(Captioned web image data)
·····

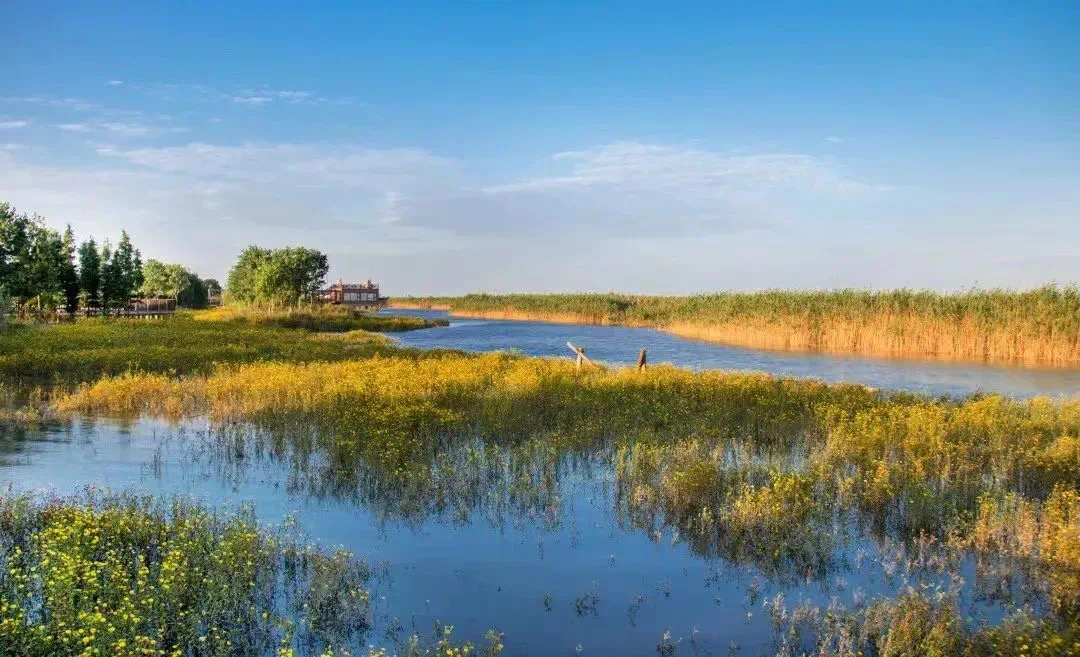 Eco-civilization turns Zhangjiagang into migratory bird haven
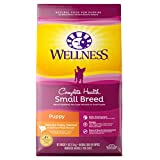 Wellness Complete Health Small Breed Dry Puppy Food, Turkey, Salmon & Oatmeal, 4-Pound Bag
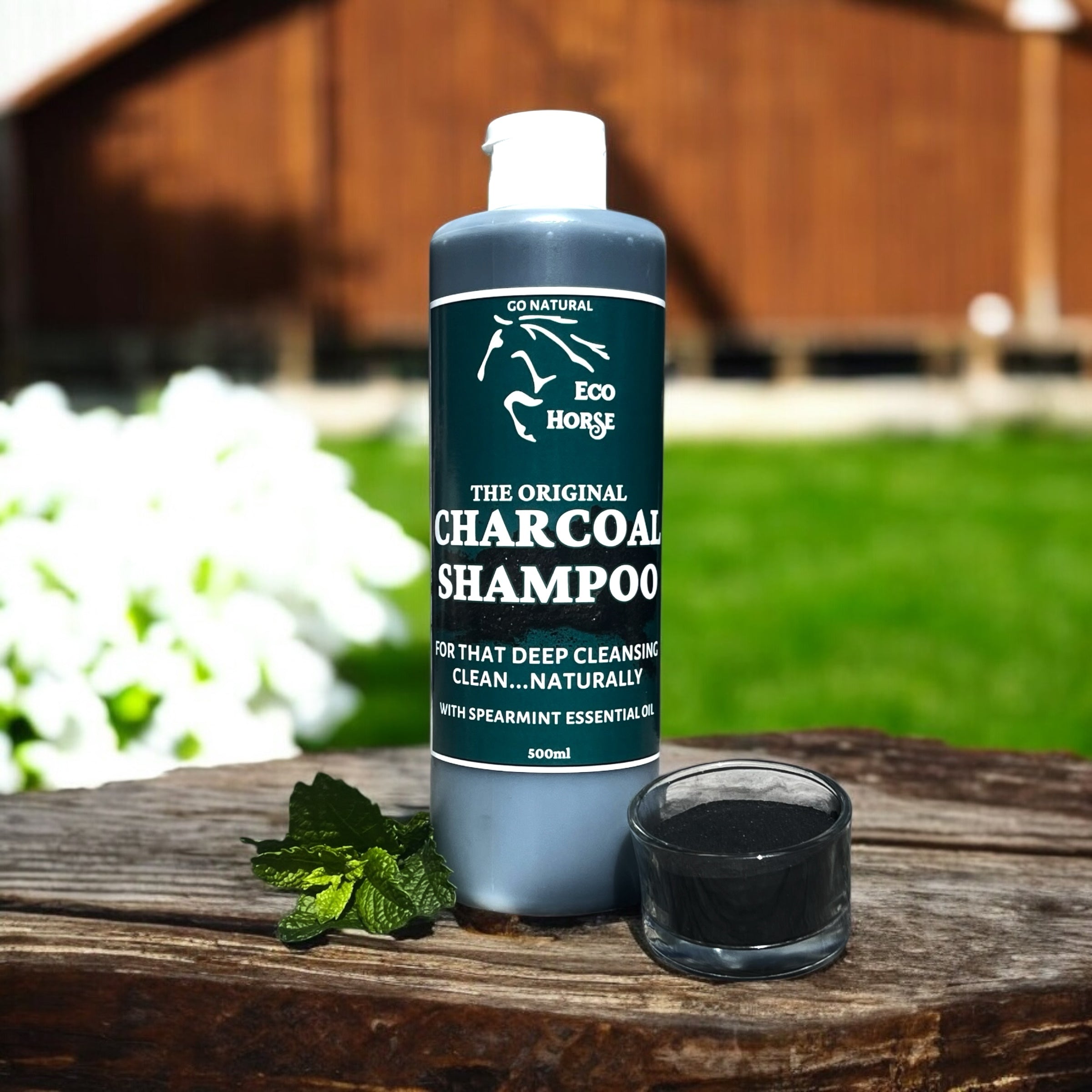Charcoal Shampoo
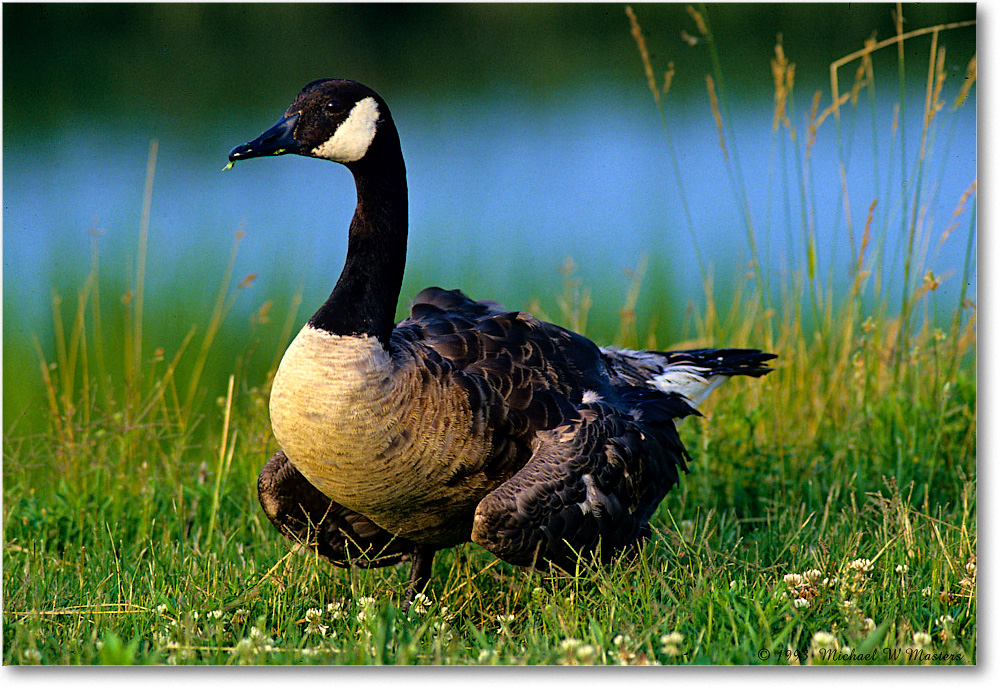 CanadaGoose_ChincoNWR_1993Jun_F25 copy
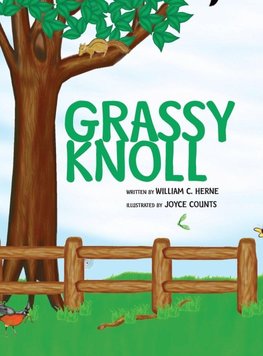 Grassy Knoll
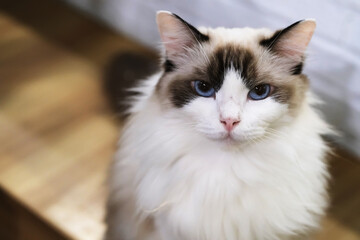 Fototapeta premium portrait of one Ragdoll pet cat looking at camera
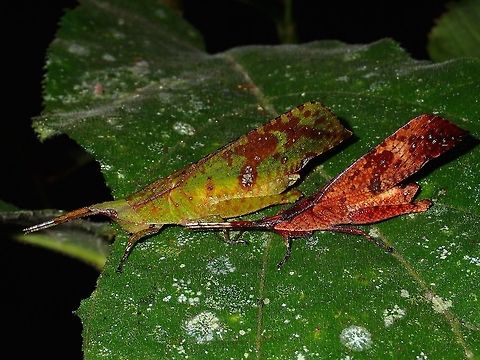Leaf Mimic Grasshopper - Trigonopteryx sp This is probably a male and a female Leaf Mimic Grasshopper in different form/variation. Fall,Geotagged,Grasshopper,Leaf Mimic Grasshopper,Malaysia,Sabah,Tawau,Trigonopteryx,Trigonopteryx sp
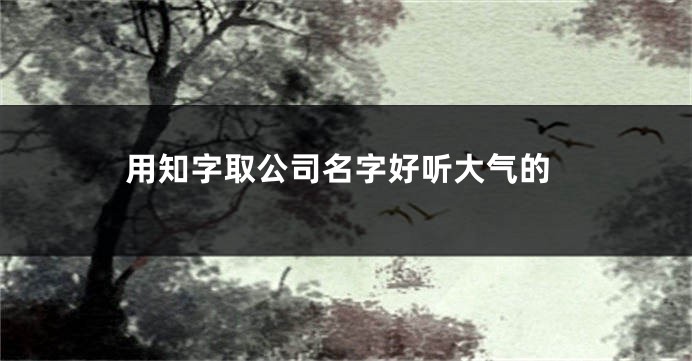 用知字取公司名字好听大气的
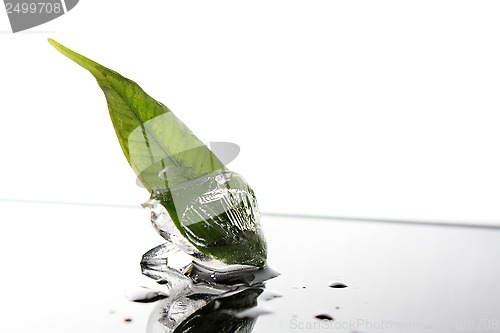 Image of plant in ice cube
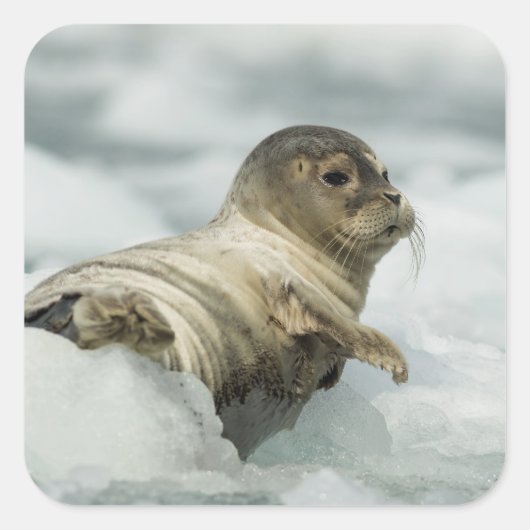 Sweet Baby Seal Vierkante Sticker (Voorkant)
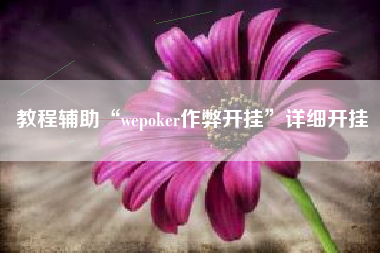 教程辅助“wepoker作弊开挂”详细开挂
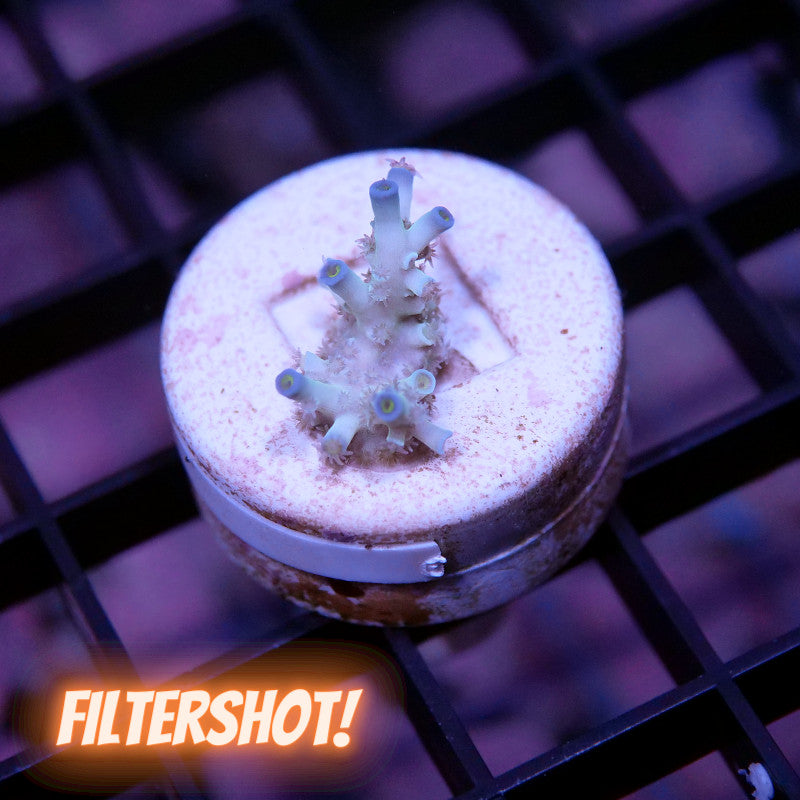 Acropora kenti - SciReef Twin - Grade 2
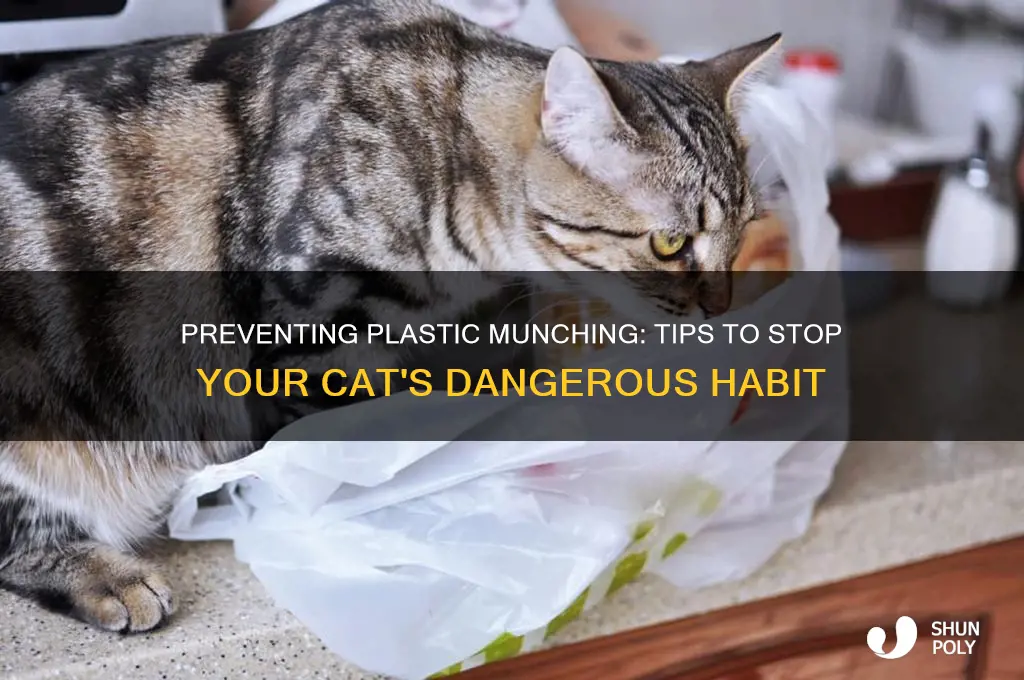 how do i get my cat to stop eating plastic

·····

Your instructions -
Transcribe every line from the records above without alteration, and leave out the images.

Task result -
 Eco-civilization turns Zhangjiagang into migratory bird haven
 Wellness Complete Health Small Breed Dry Puppy Food, Turkey, Salmon & Oatmeal, 4-Pound Bag
Charcoal Shampoo
 CanadaGoose_ChincoNWR_1993Jun_F25 copy
 Grassy Knoll
 Fototapeta premium portrait of one Ragdoll pet cat looking at camera
Leaf Mimic Grasshopper - Trigonopteryx sp This is probably a male and a female Leaf Mimic Grasshopper in different form/variation. Fall,Geotagged,Grasshopper,Leaf Mimic Grasshopper,Malaysia,Sabah,Tawau,Trigonopteryx,Trigonopteryx sp
 用知字取公司名字好听大气的
 Image of plant in ice cube
 Sweet Baby Seal Vierkante Sticker (Voorkant)
 教程辅助“wepoker作弊开挂”详细开挂
 Acropora kenti - SciReef Twin - Grade 2
 how do i get my cat to stop eating plastic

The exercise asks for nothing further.